Closed marco-c closed 6 years ago
Also, main + content - content shutdown (which is the metric we currently use to evaluate the overall stability of a release).
The code to accumulate content_crashes and content_shutdown_crashes numbers is here:
As far as I can tell from reading the source (e.g. https://searchfox.org/mozilla-central/rev/97cb0aa64ae51adcabff76fb3b5eb18368f5f8ab/dom/ipc/ContentParent.cpp#3137 ; https://searchfox.org/mozilla-central/rev/97cb0aa64ae51adcabff76fb3b5eb18368f5f8ab/ipc/glue/CrashReporterHost.cpp#280) the two types are being tracked completely seperately. @chutten could probably confirm.

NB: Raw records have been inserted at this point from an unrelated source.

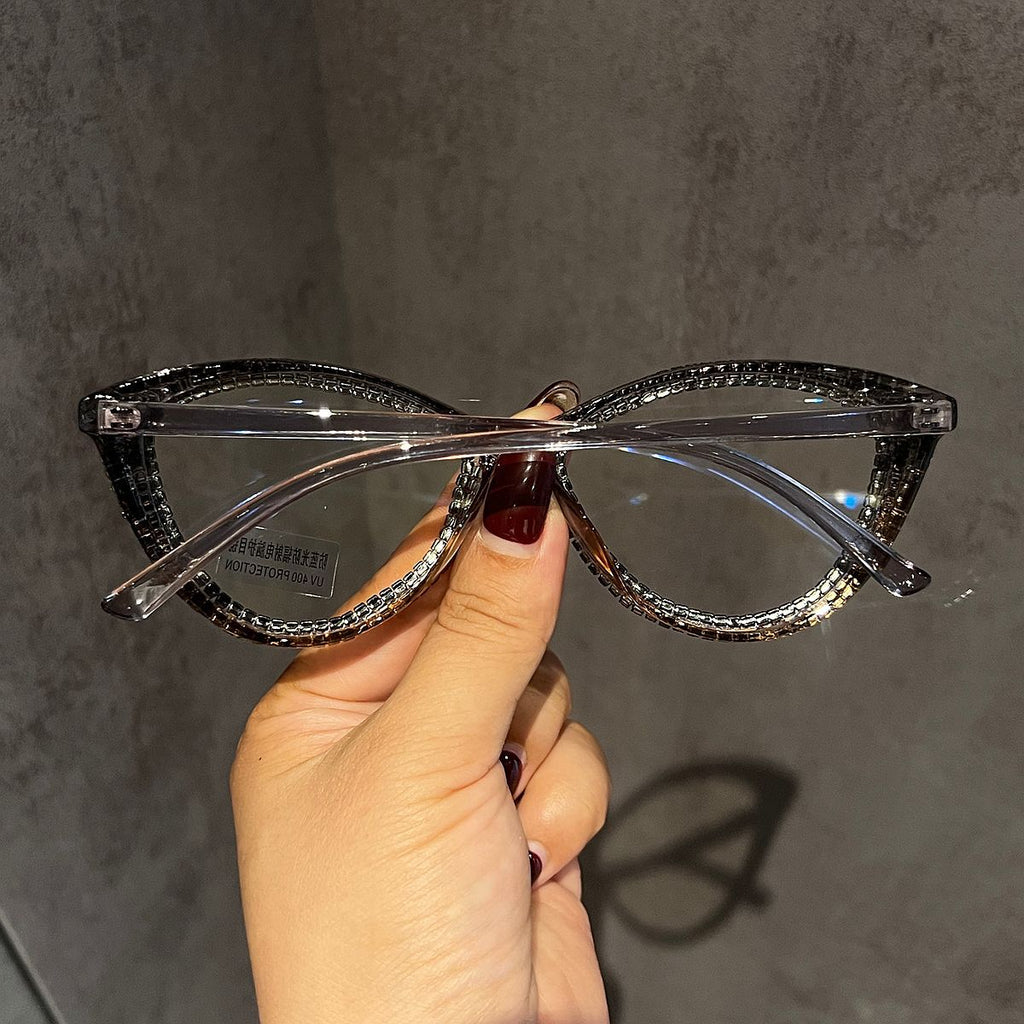 Trendy punk glasses anti-blue light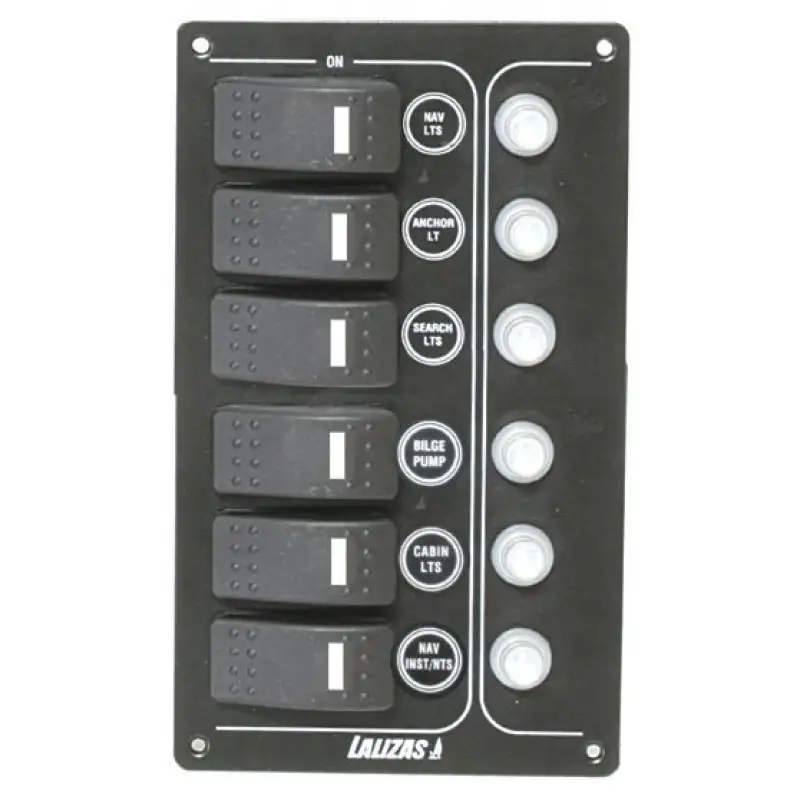 Kontrol Paneli Sp6 Offshore,İşıklı Su Geçirmez 6
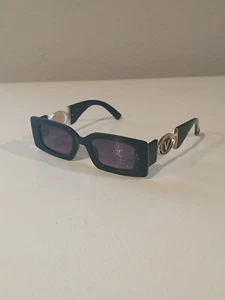 Versace Sunglasses Biggie Style Black Womens - Picture 1 of 7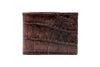 Jacob American Alligator Billfold - Antique Chestnut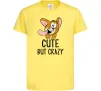 Детская футболка Cute but crazy Лимонный фото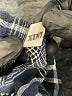 Tiny Plaid Gray 3/4 Sleeve Button-Down Shirt Size M (estimated) - photo 7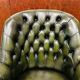 Chaise de directeur anglaise classique, chaise de bureau verte
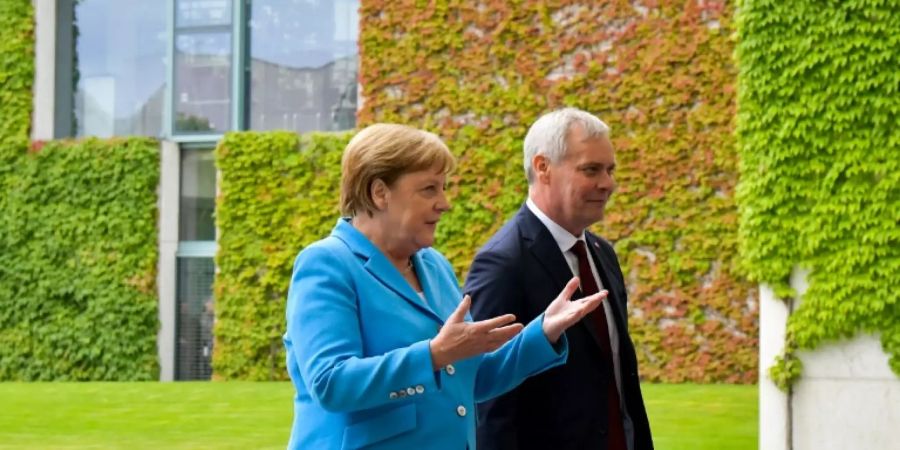 Merkel mit dem finnischen Ministerpräsidenten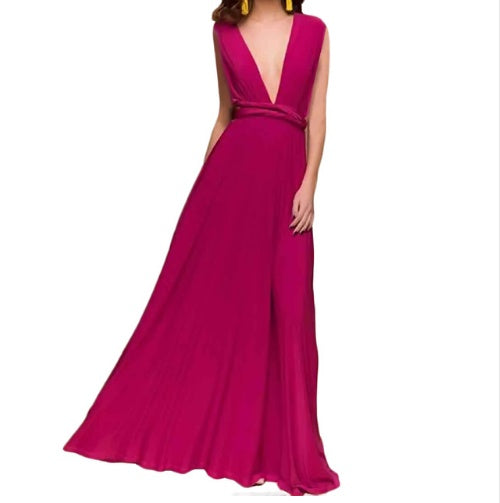Sexy Long Party Dress Club Floor-Length Summer Backless Bandage Maxi Dress Multiway Bridesmaids Boho Women's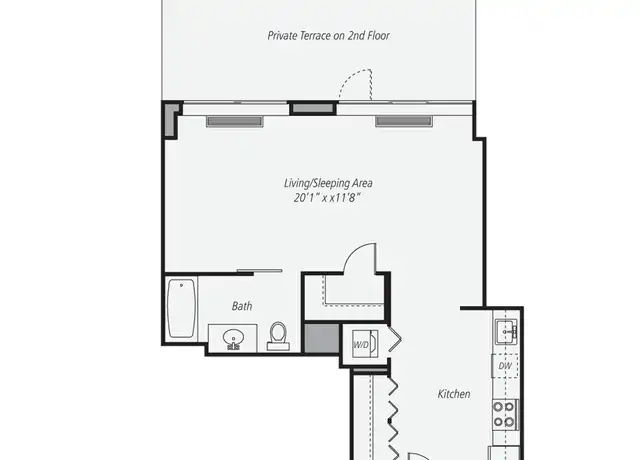 Property at 525 W 28th St Unit 1-1434, New York, NY, 10001, 0 beds, 1 bath, [object Object]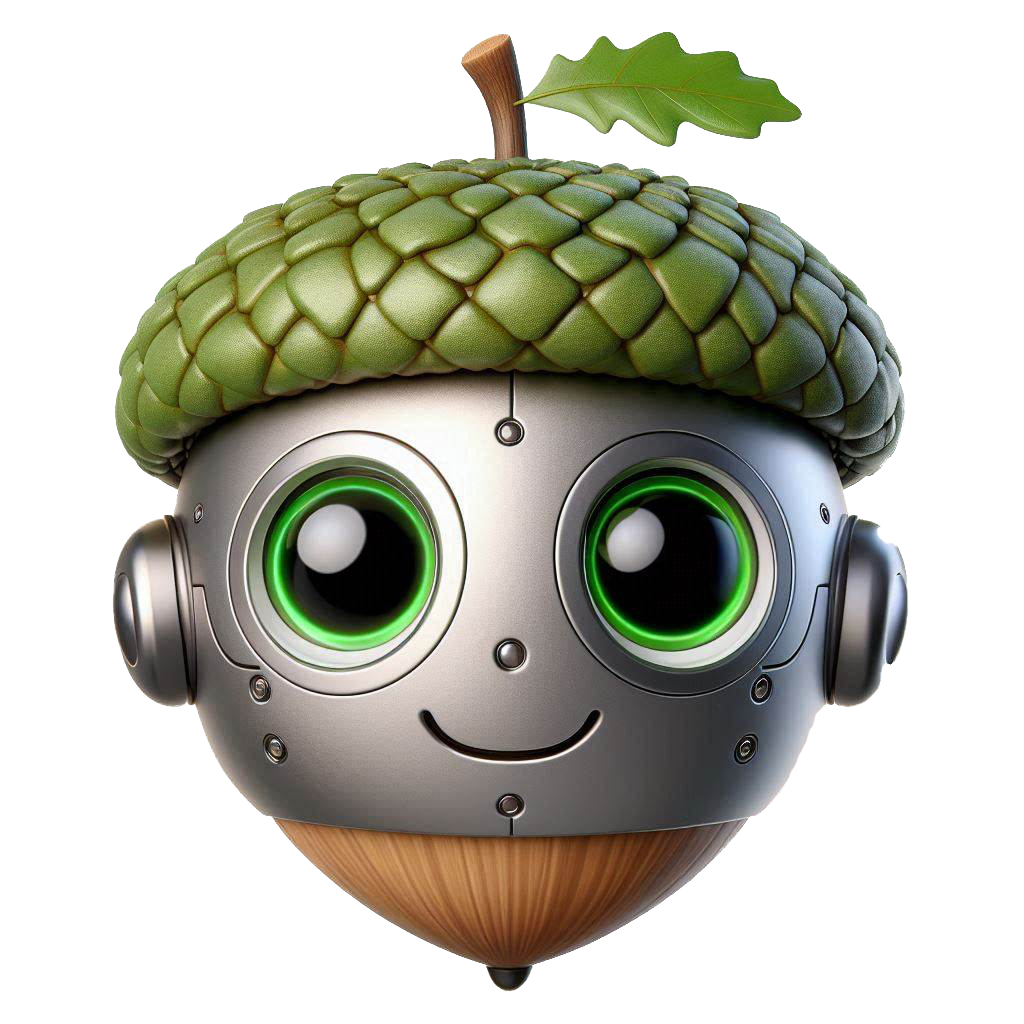 Acorn Agent Mascot >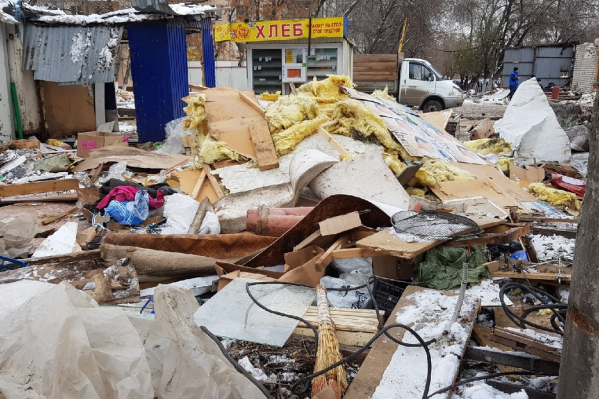 Рынок сровняли с землей за несколько дней Рынок сровняли с землей за несколько дней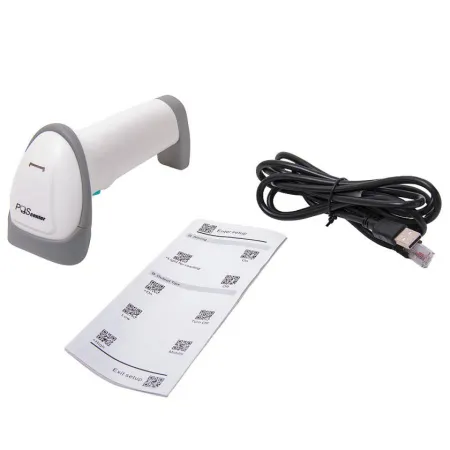 сканер штрих-кода poscenter hh 2d hd, usb, белый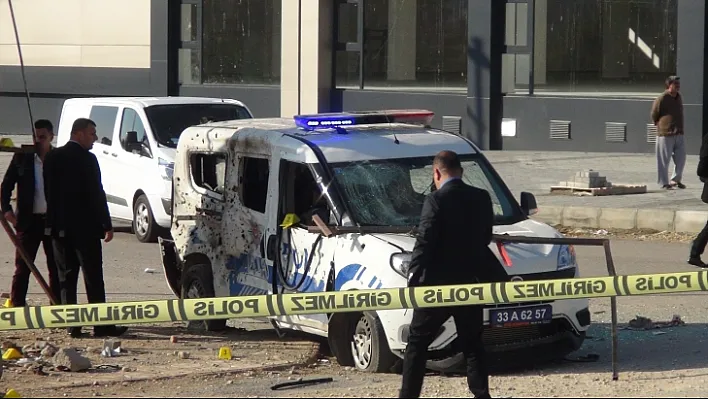 Mersin'de polise bombalı saldırı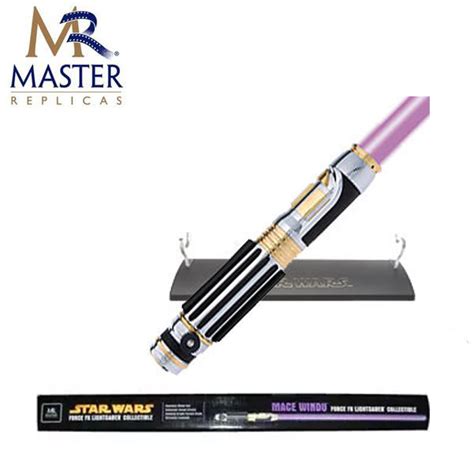 Mace Windu Atocrots Force Fx Lightsaber Star Wars Time To Collect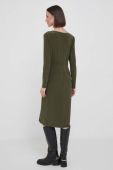 Сукня Lauren Ralph Lauren колір зелений midi пряма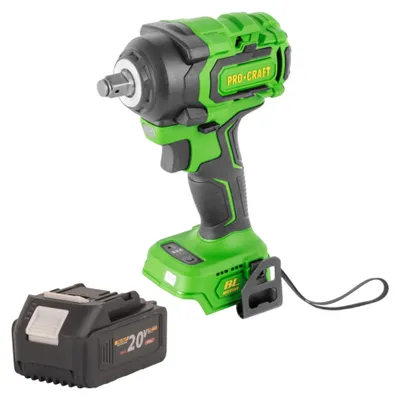 Produktbild von Procraft PWA18bb Akku Schlagschrauber 20 V 550 Nm 1/2" Brushless + 1x Akku 4,0 Ah - ohne Ladegerät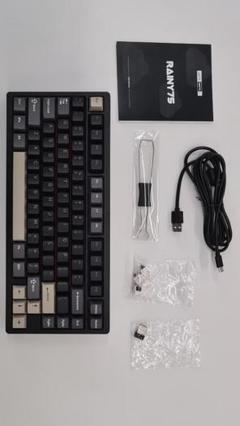 #106 Rainy75 Pro(KAILHココアスイッチ) Black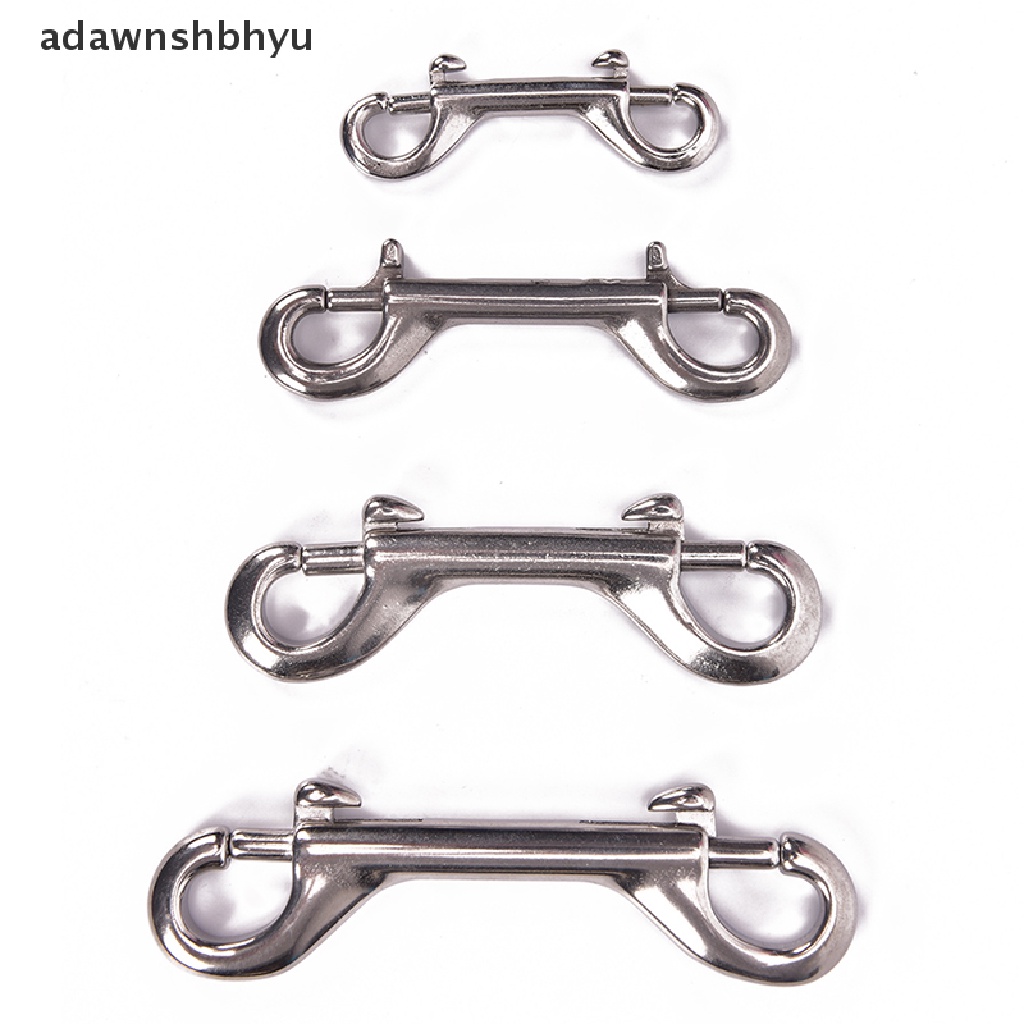 Adawnshbhyu 316alat Selam scuba stainless steel double ended hook snap bolt kit quick draw ID
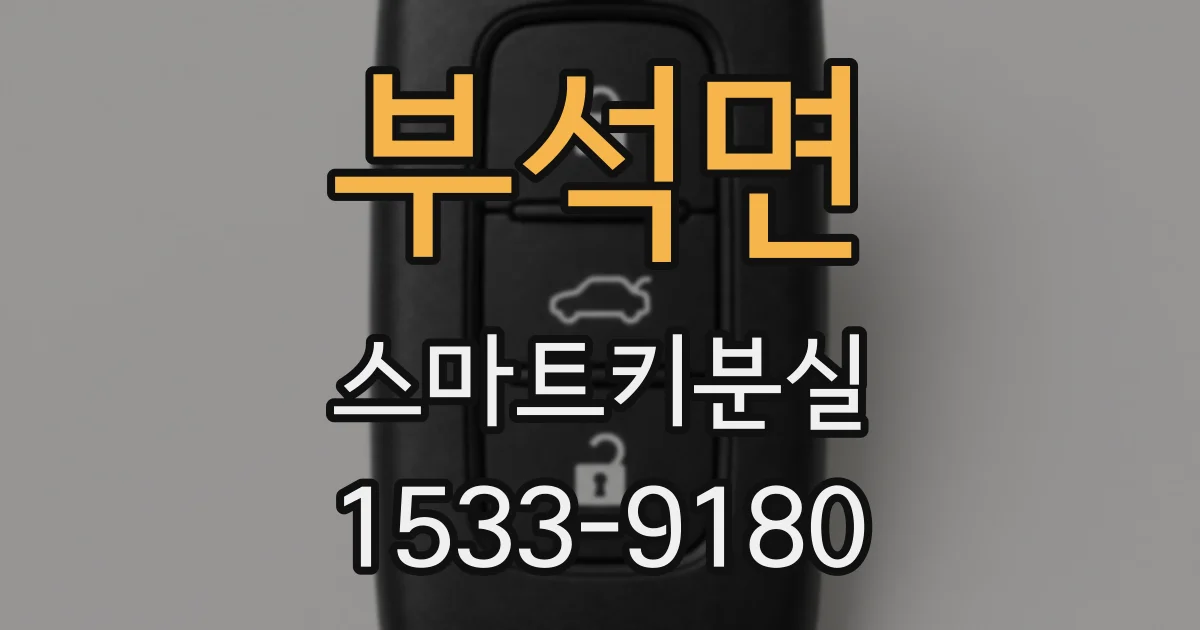 부석면 스마트키분실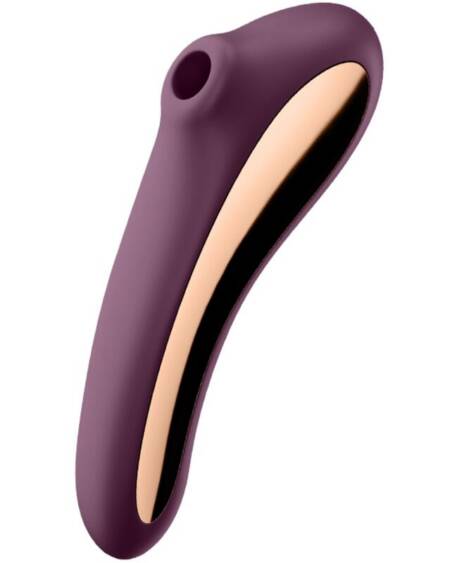 SATISFYER - DUAL KISS AIR PULSE VIBRATOR WEINROT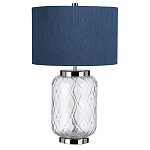 Настольная лампа с цилиндрическим абажуром и прозрачным стеклянным основанием Quintiesse варинант исполнения - 7 | Loft Concept в Рязани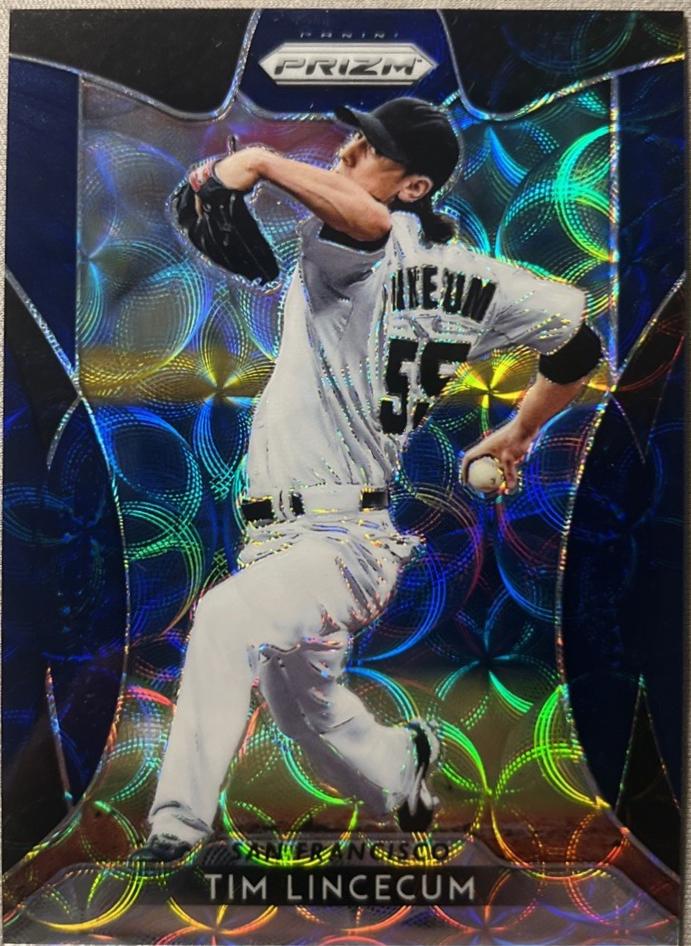 Tim Lincecum [Navy Blue Kaleidoscope Prizm] #297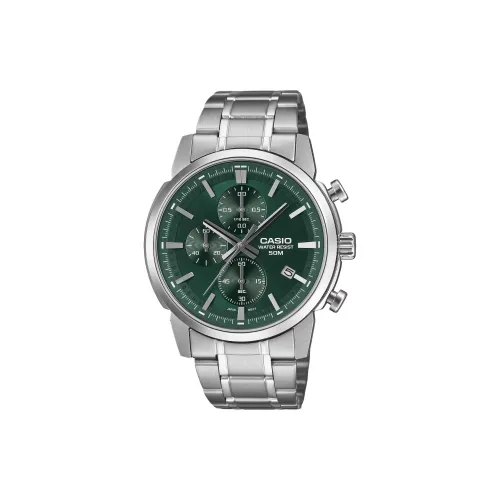 CASIO G SHOCK Collection Кварцевый механизм нержавеющая сталь ремешок мужские часы зеленый циферблат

I have mentioned this to a few people already, but I think it's best to look at the different measures in isolation to gain a holistic picture of how a release is doing rather than trying to come up with a magic number for release health. Some work has been done to do this in the channel/platform summary page already, my plan was to surface some of the most salient/important information on the front page as well.
content_crashes
is the total number of SUBPROCESS_CRASHES_WITH_DUMP
from the content process. content_shutdown_crashes
is the number of SUBPROCESS_KILL_HARD
with the reason ShutDownKill
.
M+C-S (main plus content minus content shutdown) has been used as a "crashes that users are likely to care about" figure for as long as e10s has been a thing (so, about two years). It is generally the "crash" category of any release health metric.
content_crashes
on its own isn't a useful measure of release health. Users don't seem to care about shutdown crashes at all (they often happen completely transparently to users), and shutdown crash rates are wildly variable from day to day. content_crashes
is only useful for determining user-facing content crashes when the content_shutdown_crashes
are removed from them.
I concur broadly with the "there is no magic number for release health" but in this case we must remove the shutdown crashes from the content crashes figure if we are to understand the impact to users. Or perhaps a view with non-shutdown content crashes on the bottom of the area plot, and the shutdown crashes on top.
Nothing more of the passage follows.